No habíamos recorrido nunca aquellas calles. Tampoco en coche. Yo no había ido hasta allí ni siquiera con mis padres cuando era niño. A medio día, el sol directo desaconsejaba el ascenso a pie por la cuesta. No había nadie a la vista en la calle, que parecía un fragmento de una calle de San Francisco. Se sucedían las casas autofabricadas de distintas épocas y hechuras. Tras una cancela pegada a la acera estrecha, apenas suficiente para el paso de una persona, el ladrido de unos perros nos sobresaltó y los maldijimos apartándonos de allí lo más rápido que pudimos.

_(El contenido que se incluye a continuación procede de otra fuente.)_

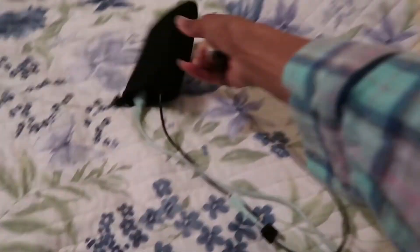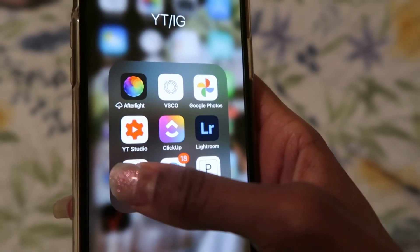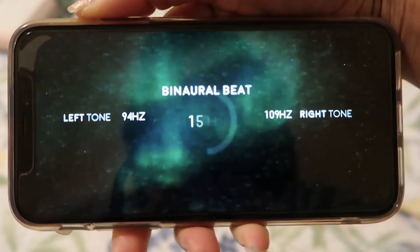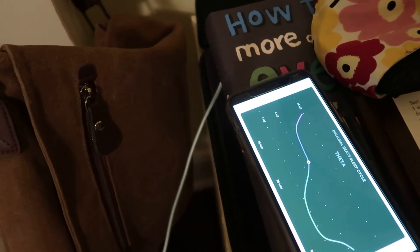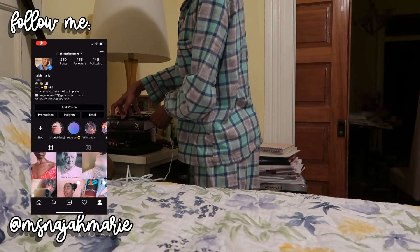I basically charge my phone, open up the YouTube app, and listen to this insomnia track from Sleep Tube — I forgot what it's called — but I listen to that while I sleep and I usually wake up the next morning ultra refreshed. Thank you so much for watching this video, I hope you enjoyed it.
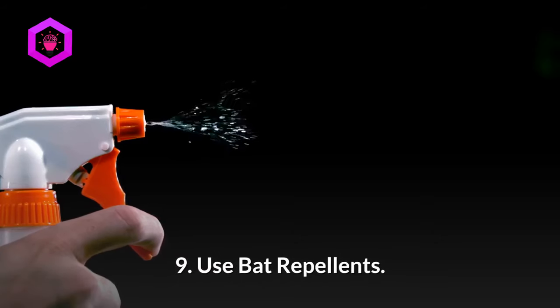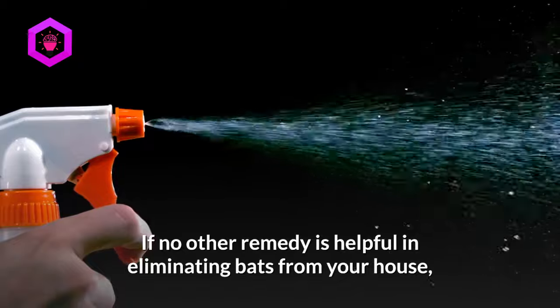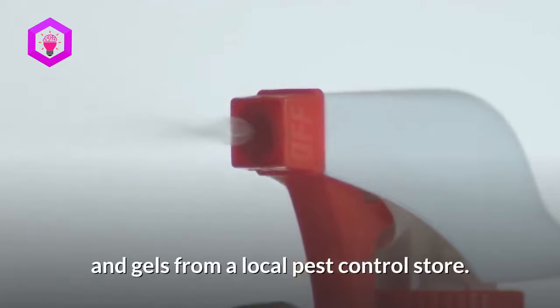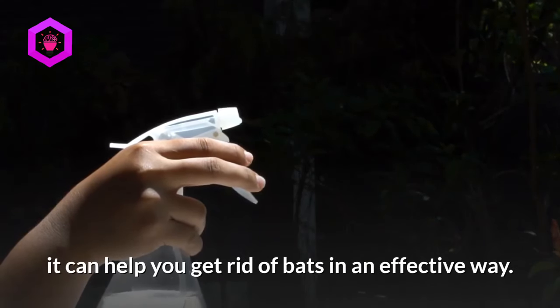9. Use bat repellents. If no other remedy is helpful in eliminating bats from your house, you may consider buying bat repellent sprays and gels from a local pest control store. Although it is not a home remedy, it can help you get rid of bats in an effective way.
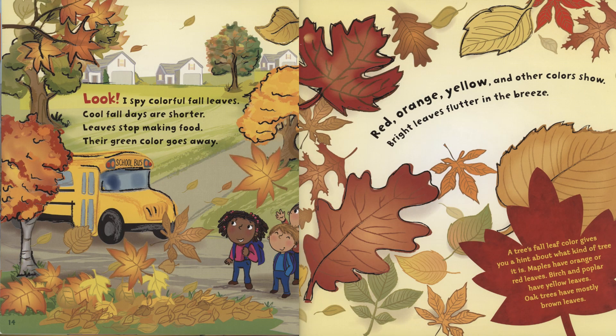I spy colorful fall leaves. Cool fall days are shorter. Leaves stop making food. Their green color goes away. Red, orange, yellow, and other colors show. Bright leaves flutter in the breeze. A tree's fall leaf color gives you a hint about what kind of tree it is. Maples have orange or red leaves. Birch and poplar have yellow leaves. Oak trees have mostly brown leaves.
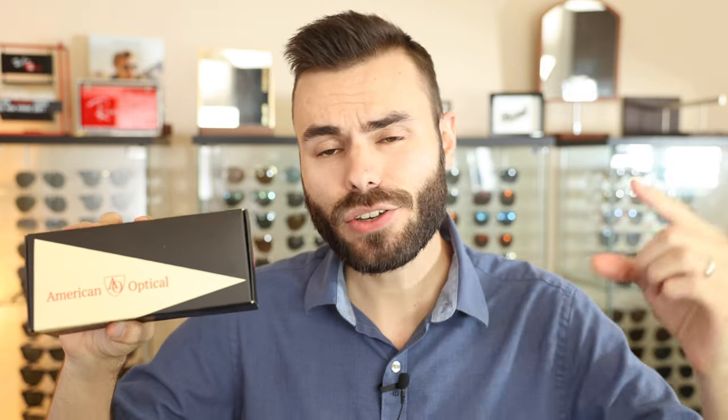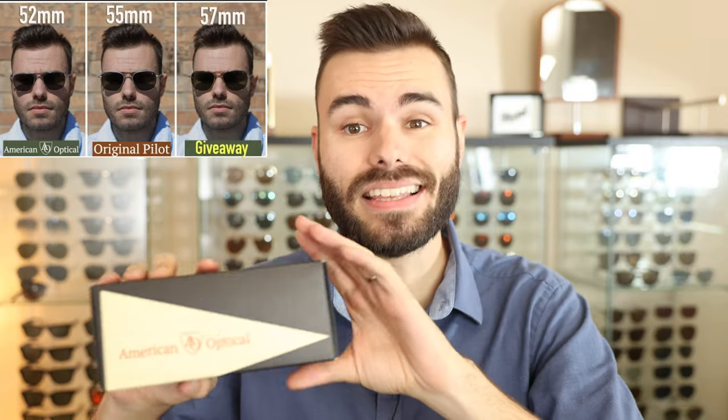We are also giving away a pair of 57 millimeter American Optical Original Pilot sunglasses, so go ahead and check out this giveaway video — I'll have the link in the description down below as well. This giveaway ends on Monday and on Monday we're going to pick the winner live on stream. You're going to watch me pick a live winner, so make sure to go to that video and leave a comment with your Instagram name to enter.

Sentía curiosidad por saber qué se veía realmente desde lo alto de la montañita, si el paisaje quedaría franco ante nosotros o habría obstáculos, casas en medio u otra montaña o árboles o un barranco. Yo estaba casi seguro de que estaría el valle, simplemente el valle en toda su extensión. Pero no tuvimos que ascender mucho, enseguida adivinamos gente al final de una calle. Estaba claro que, si había gente, desde allí mismo se vería. Mientras la recorríamos, perfectamente enmarcada entre las casas de ambos lados de la calle, ya atisbamos la erupción: una columna de humo al fondo y arriba, por debajo de la cumbre, empezado el pinar. Era como si la propia calle terminase en un mirador al paisaje, al volcán, porque se interrumpía allí mismo, sin salida, ante un socavón del terreno o el lateral de la montaña, y la gente se agolpaba comentando la jugada. Había personas en las azoteas y en algún balcón. Niños, adultos, personas mayores…, vestidos como de estar en casa, con el chándal, pantalones cortos, tenis, chanclas, vaqueros, camisetas, bermudas… Al fin y al cabo no habían tenido que recorrer más que unos metros, salir a la puerta de su casa.

Lo primero que me pareció fue que el volcán había salido muy arriba. Se atisbaban llamas que podían ser de pinos ardiendo. Pensé en el riesgo de un gran incendio en el monte. Y lo segundo que me pareció es que había salido mucho más arriba de lo que se esperaba, y que por debajo de la erupción había demasiadas cosas, una catástrofe.

En la calle, algunos coches se ponían en marcha arreando, con cierta premura. Me fijé en dos hombres montados en un pequeño todoterreno que tiraba de un remolque y comprendí que corrían a retirar animales, si no enseres de alguna casa o plantación. Mirando la erupción y escuchando lo que, alrededor de nosotros, se comentaban unos a otros, adiviné que las conversaciones de los vecinos —nosotros los únicos que no lo éramos realmente— giraban en torno a las posesiones de familiares, amigos y conocidos. Estaban aventurando el recorrido de la lava y lo que se podría llevar por delante. Afortunadamente, el lugar en el que nos encontrábamos, aquel barrio, la montaña Tenisca, no parecía correr peligro: se encontraba en alto y, también, apartada del lugar por el que la lava debería descender hacia el mar. Aunque desde allí no pudiéramos distinguirlo, ya en aquel momento —lo supimos a la noche— estaban cayendo destruidas las primeras casas. En unos días fueron cientos, y aún continúa. Ya más de mil. Creo que fue al día siguiente cuando vi la primera imagen de cómo la colada desgorrifaba una vivienda nueva, un chalé idílico en medio del paraíso. La lava, casi quieta (una mole impasible, varios metros de altura), parecía presionar una de las paredes. De pronto, todas las paredes colapsaron como si fueran de cartón y la casa de juguete. Y no quedó nada.